◆ Entries supplied ◆
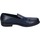 Schuhe Herren Slipper Brian Cress EY247 Blau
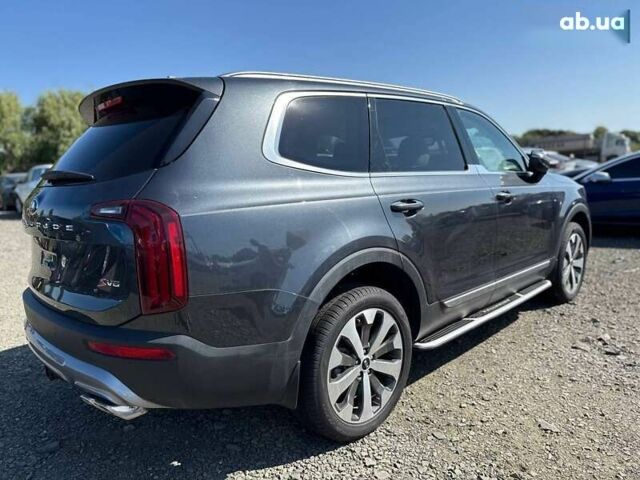 Киа Telluride, объемом двигателя 3.8 л и пробегом 55 тыс. км за 15200 $, фото 3 на Automoto.ua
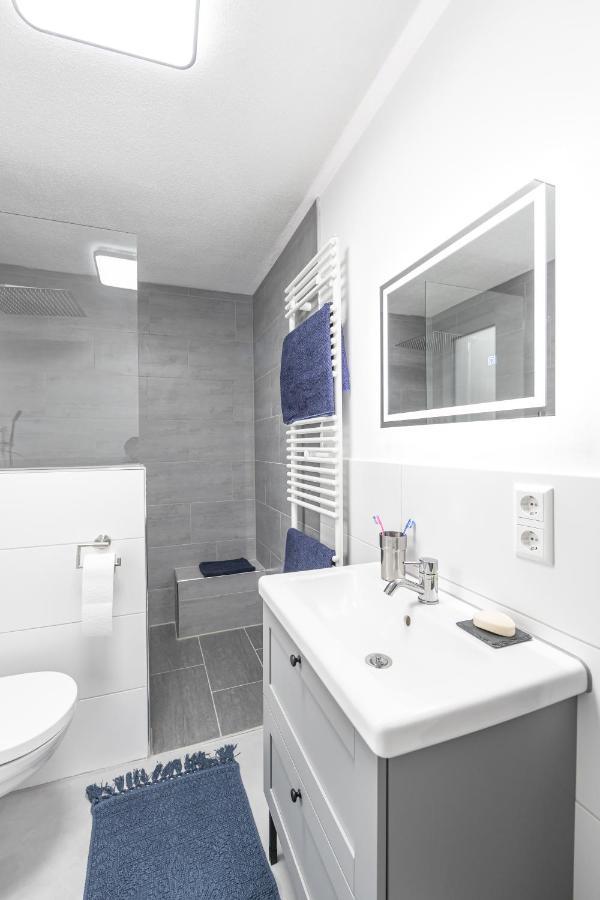 Exklusive Neubau-Ferienwohnung Mit Fernsicht Konstanz Exteriör bild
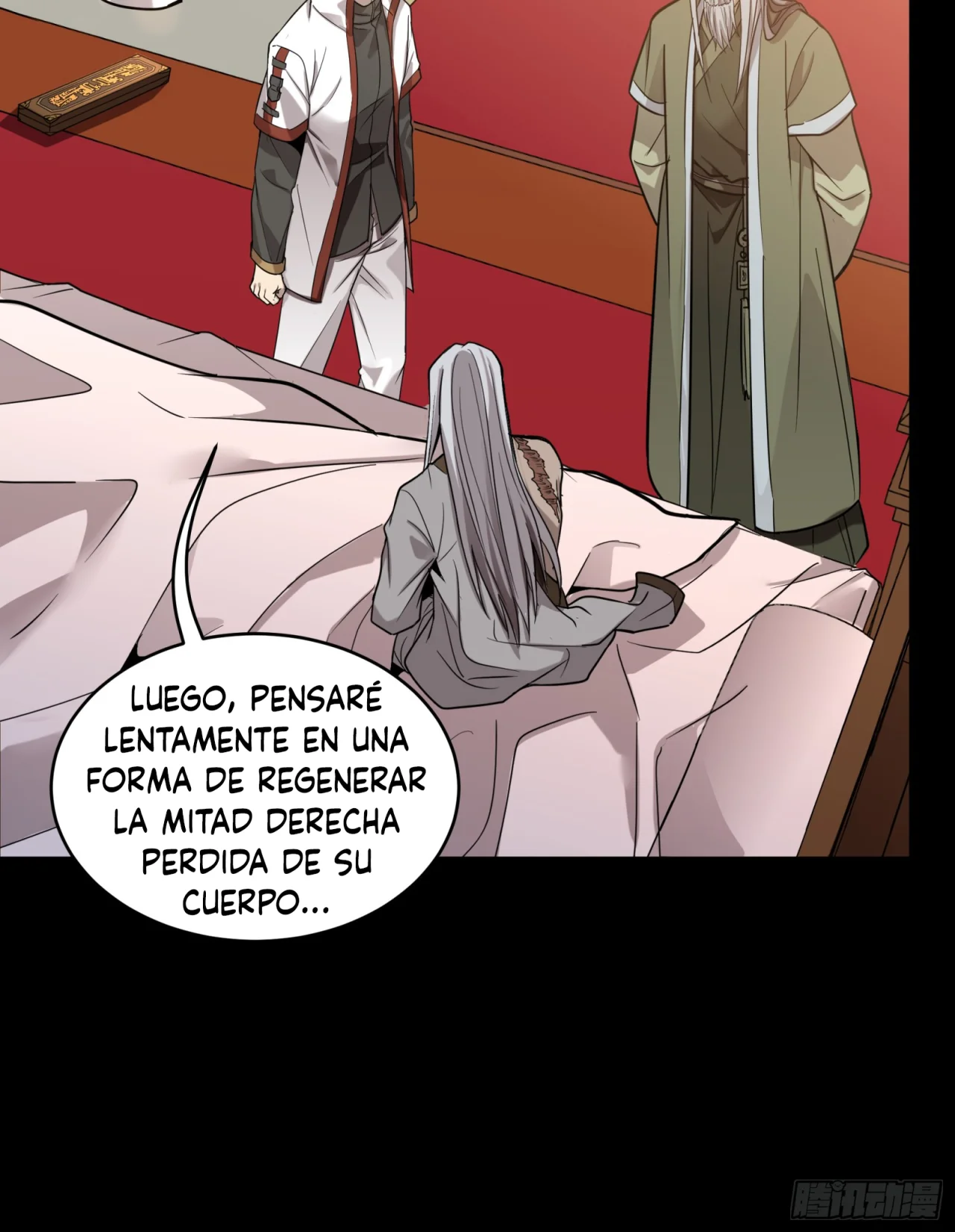 Read La Leyenda De La Estrella General (Continuacion) ES Manga Online
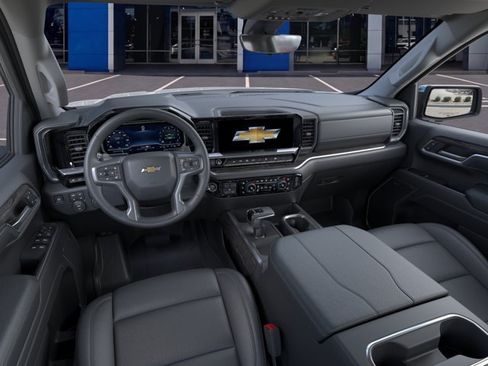 New 2026 Chevrolet Silverado 1500 LTZ w/ LTZ Premium Package AWD/4WD image 15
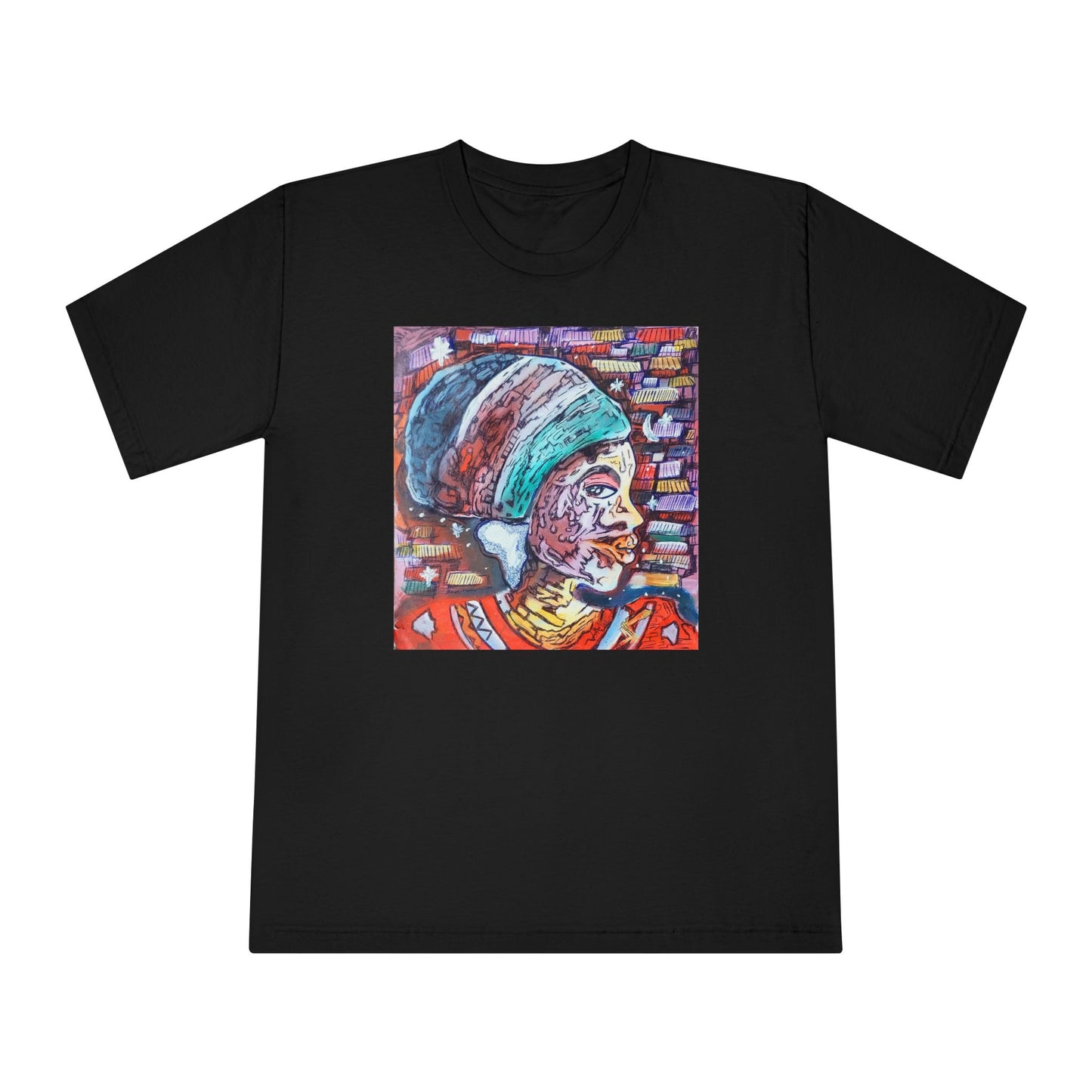 Profile in Strength Tee by Vinnie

◆ What you have to do ◆
Nothing but the lines from the line with "New 2026 Chevrolet" through the last line of the listing above should be repeated, and pictures should be left out.

◆ Written response ◆
 New 2026 Chevrolet Silverado 1500 LTZ w/ LTZ Premium Package AWD/4WD image 15
 Profile in Strength Tee by Vinnie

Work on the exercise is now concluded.